St. Peter’s Basilica in Rome

This last December, I was working at my computer when I looked up to see on television Pope Benedict XVI delivering the Christmas mass inside the Papal Basilica of Saint Peter, which immediately brought back memories of attending an exhibit in San Diego a few years ago (in 2004) at the museum complex known as Balboa Park : “St. Peter and the Vatican: The Legacy of the Popes.”  It was a fascinating look at over 353 objects taken from the Vatican collections and other objects; at least two thirds of which were objects of history, rare documents, altar items, art works, and so on, that haven’t ever been displayed for visitors to the Vatican.  In the exhibit over a half decade ago, I saw works I would never see if I traveled to a Rome hotel and visited Vatican City for myself; however, there was one thing in Rome that I would never be able to see in a traveling exhibit in San Diego, and that’s St. Peter’s Basilica itself, perhaps the most impressive building in the world.

While I’ve seen my share of cathedrals, including St. Paul’s in London, I’ve yet to set eyes on St. Peter’s (although technically, this isn’t a cathedral because it’s not a seat of bishop; technically, it’s a papal basilica), and it’s perhaps the one place I’d most like to see in person, just for the architecture and the art work alone, and to feel the true size of the place: The basilica is capable of holding within it sixty thousand people.  Traditionally, St. Peter is buried here, and in that sense is one of the grandest tombs ever built for a person (unless, perhaps, you consider the Pyramids; however, in a comparison, while impressive, they’re still pretty plain).

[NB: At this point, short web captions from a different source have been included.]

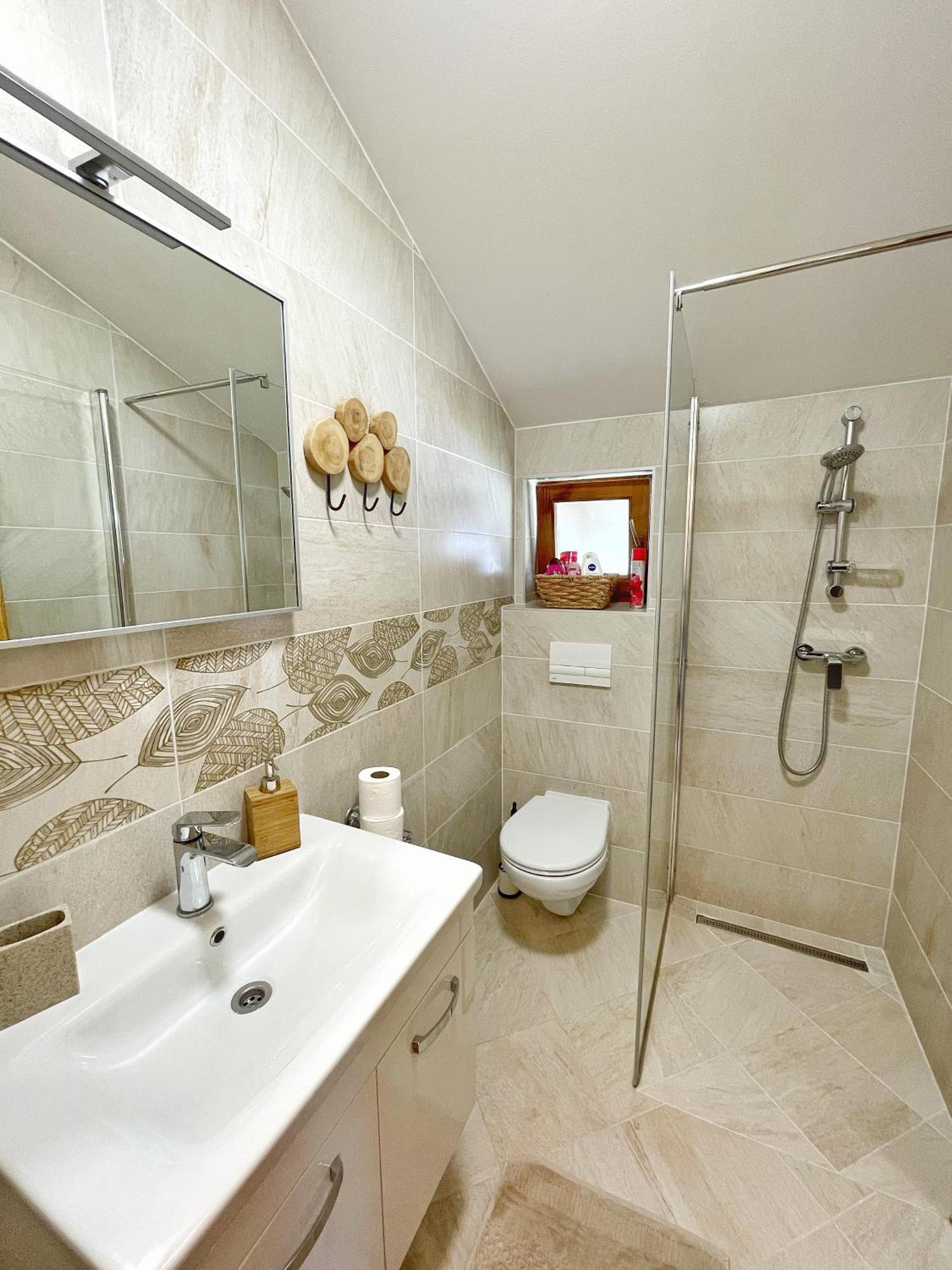 Guest House Ivica I Marica In Heart Of The National Park Plitvicka Jezera 普利特维采村 外观 照片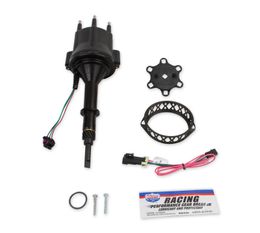 SNE-565-316BK, Holley Sniper EFI HyperSpark Distributors 565-316BK في الإمارات, دبي. Condition - new. Price 3,080 AED. Photo, seller contacts | AUTO.AE
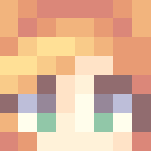 Alex kablamo - Female Minecraft Skins - image 3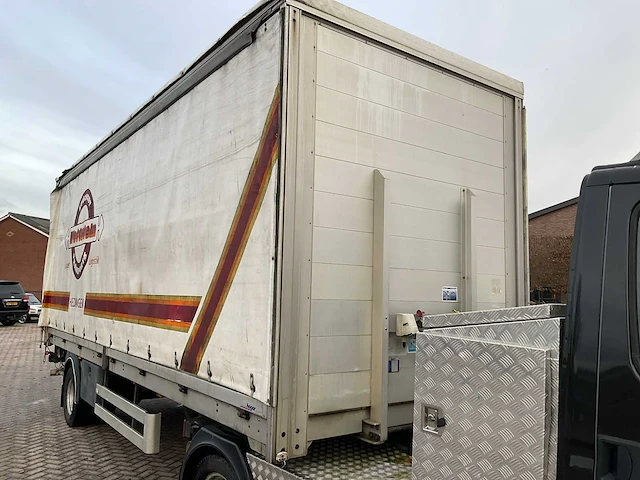 2012 be oplegger hager fch - afbeelding 18 van  23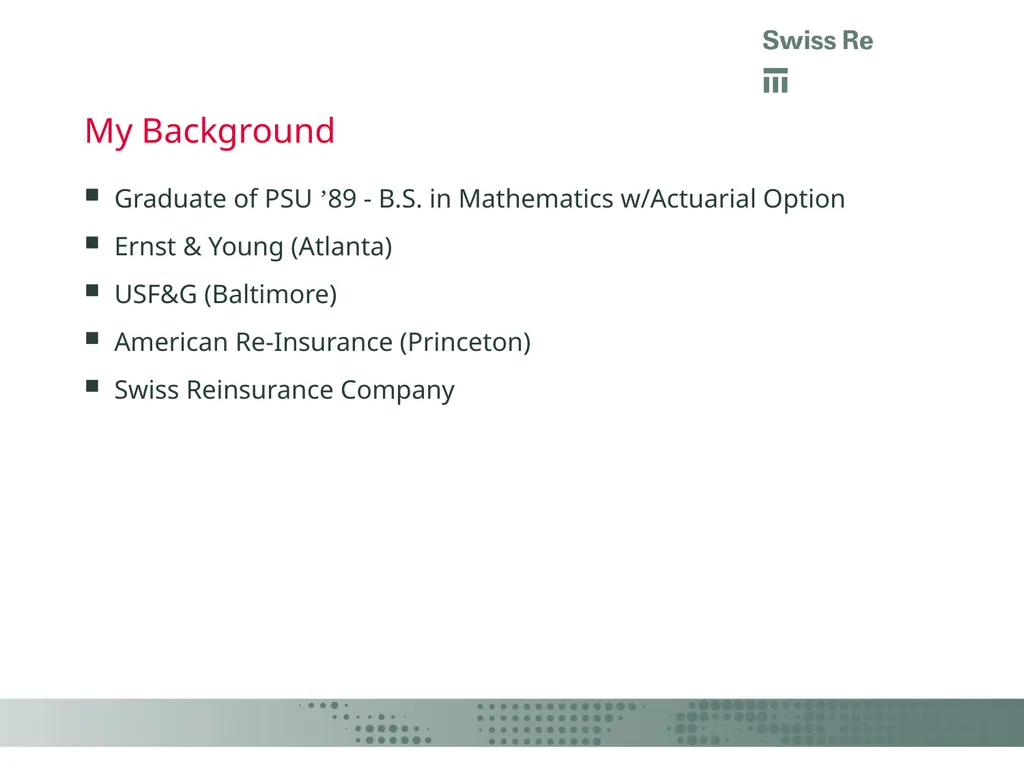 Indiana University of Pennsylvania Brian E. - slide 4 of 17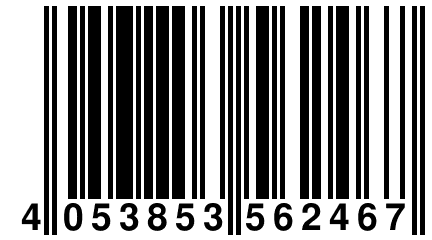 4 053853 562467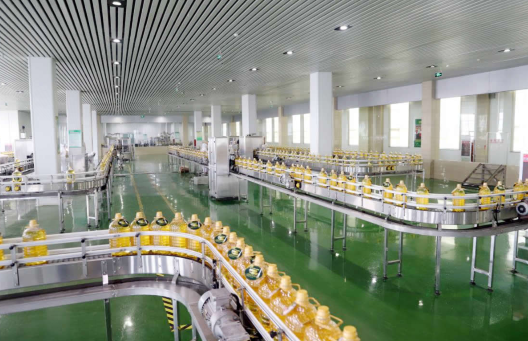 【暖心奉獻 食力狂歡】長壽花食品雙十二再創佳績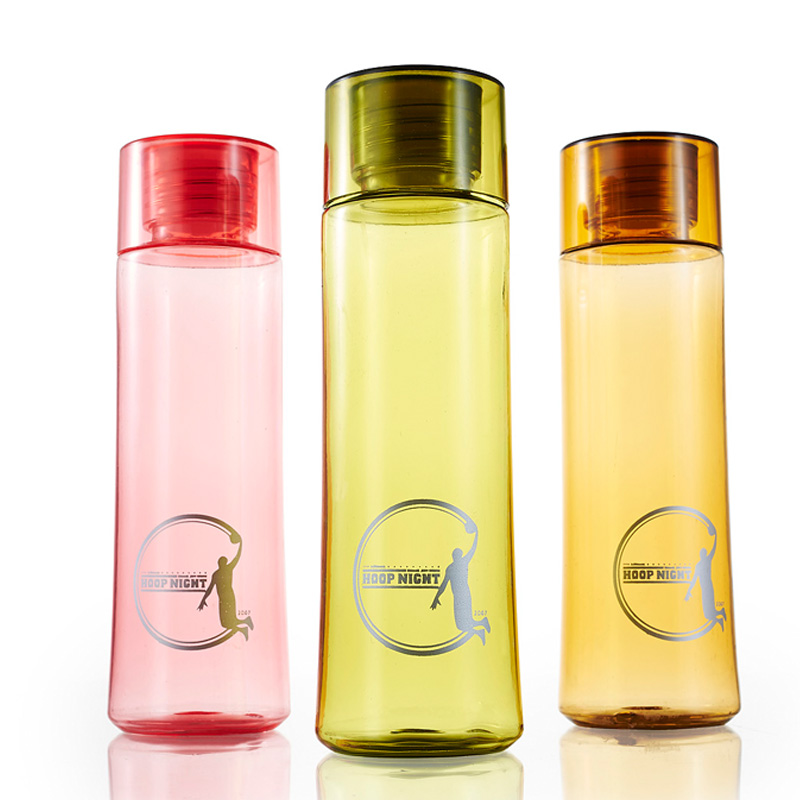 RHD8188 Selling abroad custom seal plastic sports bottles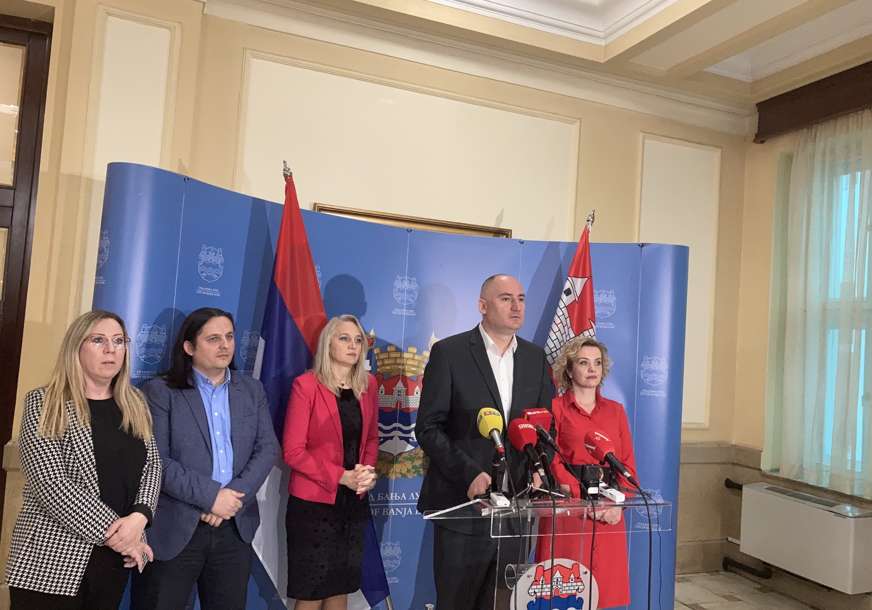 SNSD Stanivukoviću prijeti krivičnom prijavom: Sa Skupštine grada opet povučena imenovanja upravnih odbora pet ustanova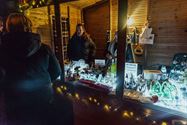 Veel sfeer en bezoekers op WinterWonder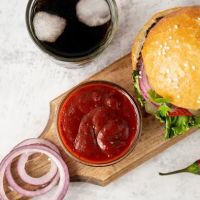 Burgeryan ico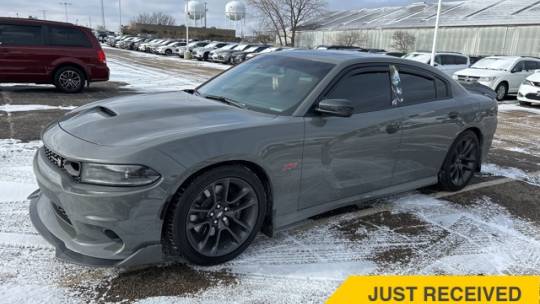 2023 Dodge Charger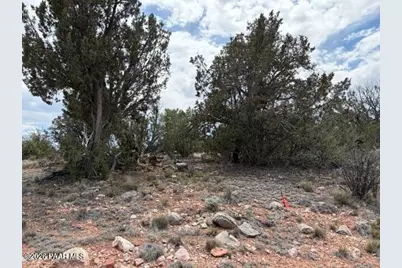 3883 N Shadow Mountain Parkway, Seligman, AZ 86337 - Photo 10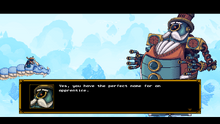 Clockwork Concierge Screenshot 8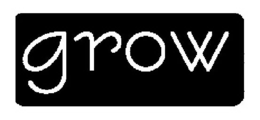 GROW trademark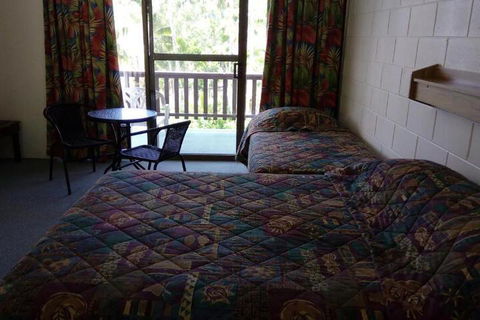 The Islands Inn Motel - Darwin Holiday 6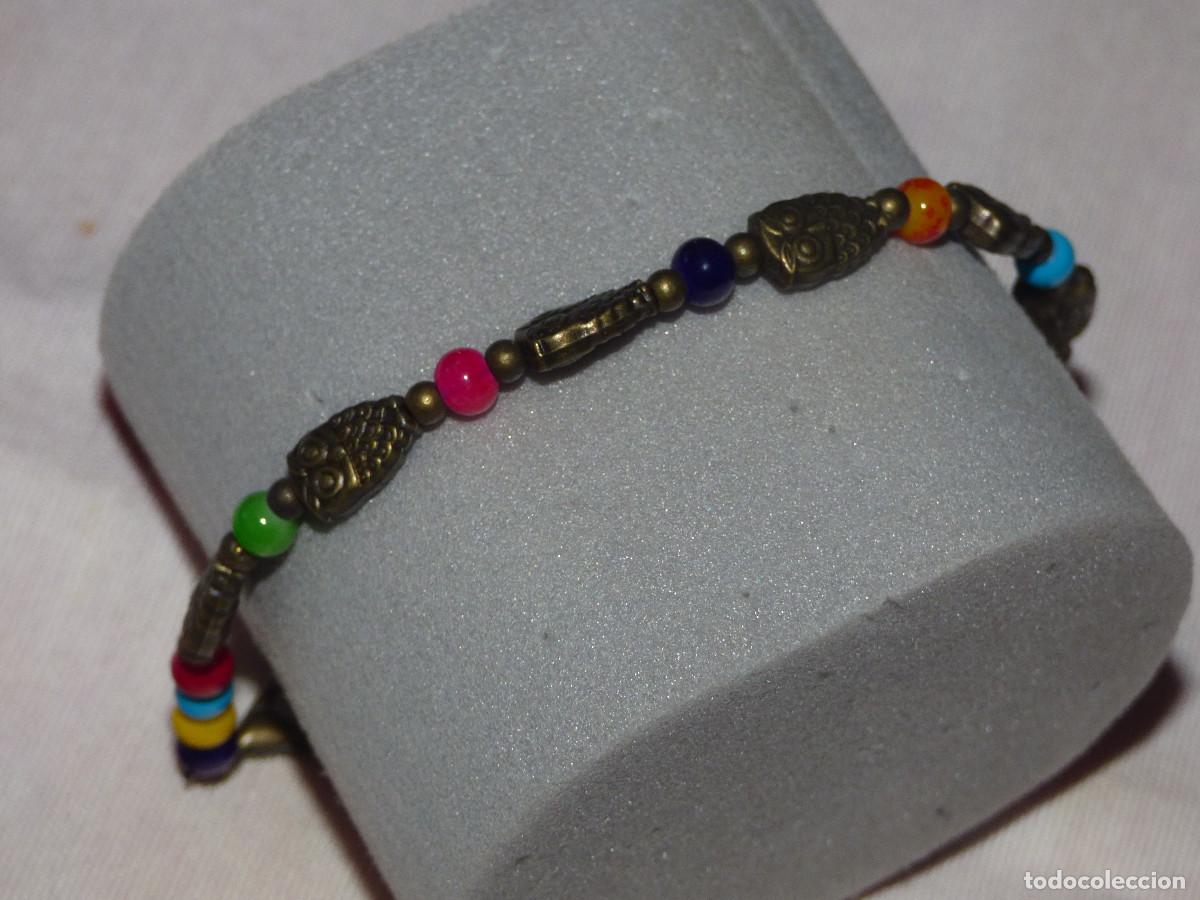 Joyeria: Pulsera infantil. - Foto 1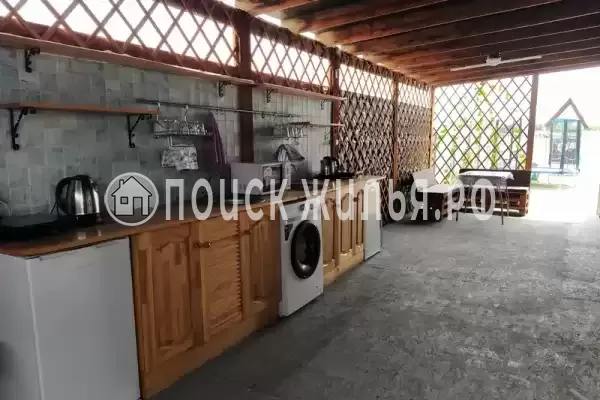 «Lavande», Голубицкая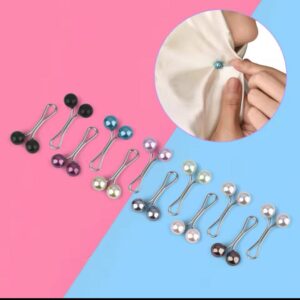 BALL HIJAB CLIP - Image 1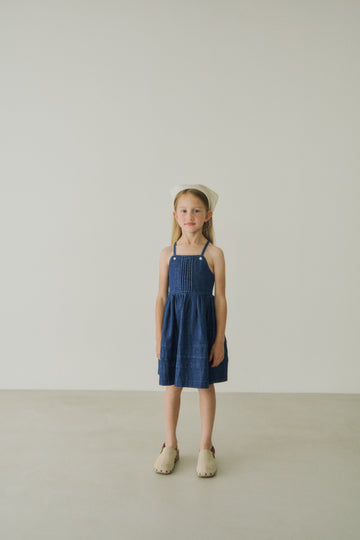 Rolling Dress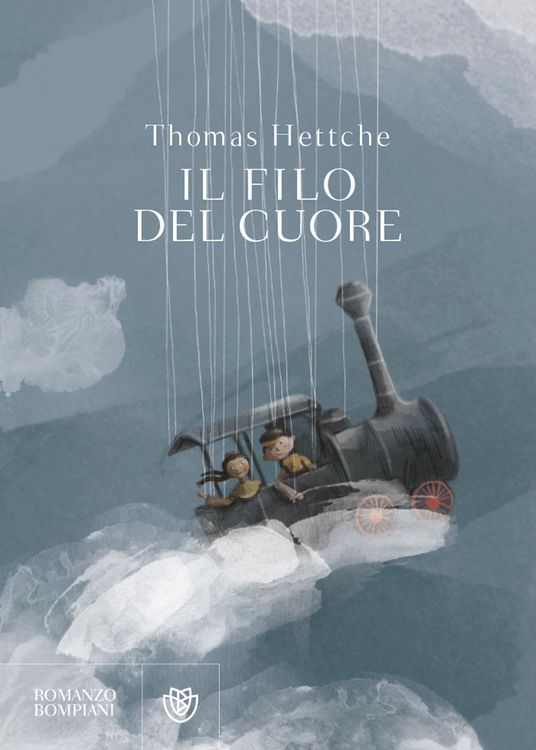 Produktbild: Il filo del cuore
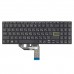 Клавиатура для ноутбука Asus F513 K513 S513 M513 S513 X513 series, RU, (Black, Original)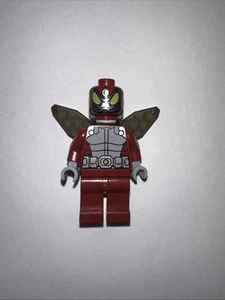 LEGO Super Heroes Beetle Minifigure SH0053 From Set 76005 - Picture 1 of 2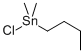 CAS#: 15649-31-7， Butylchlorodimethyl-Stannane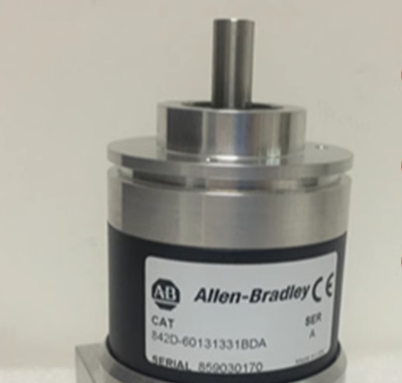 美国AB  842D-60131331BDA-编码器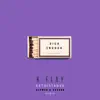 K.Flay, Xxtristanxo & Slowed Radio - High Enough (Slowed) - Single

While a church has been on this site since the fourth century, the present basilica began construction in April of 1506 and took one hundred and twenty years to complete, on November 18th, 1626.  The dome is prominent on Rome’s skyline, although its contained in one of the three city-states remaining in the world (the other two are Singapore and Monaco), rising to height of 448 feet from the floor to top of the external cross, and is the tallest dome in the world.  The internal diameter is about 136 feet and is a little smaller than two of the other three domes that came before it: the domes from the Pantheon of Ancient Rome, from the Florence Cathedral from the Early Renaissance, and from Constantinople’s Hagia Sophia church from the 6th Century.

Perhaps next Christmas, finances permitting, I will have had a chance to see the basilica myself, and to witness the awe-inspiring architecture that architects and artists (and a century’s worth of work) are capable of creating.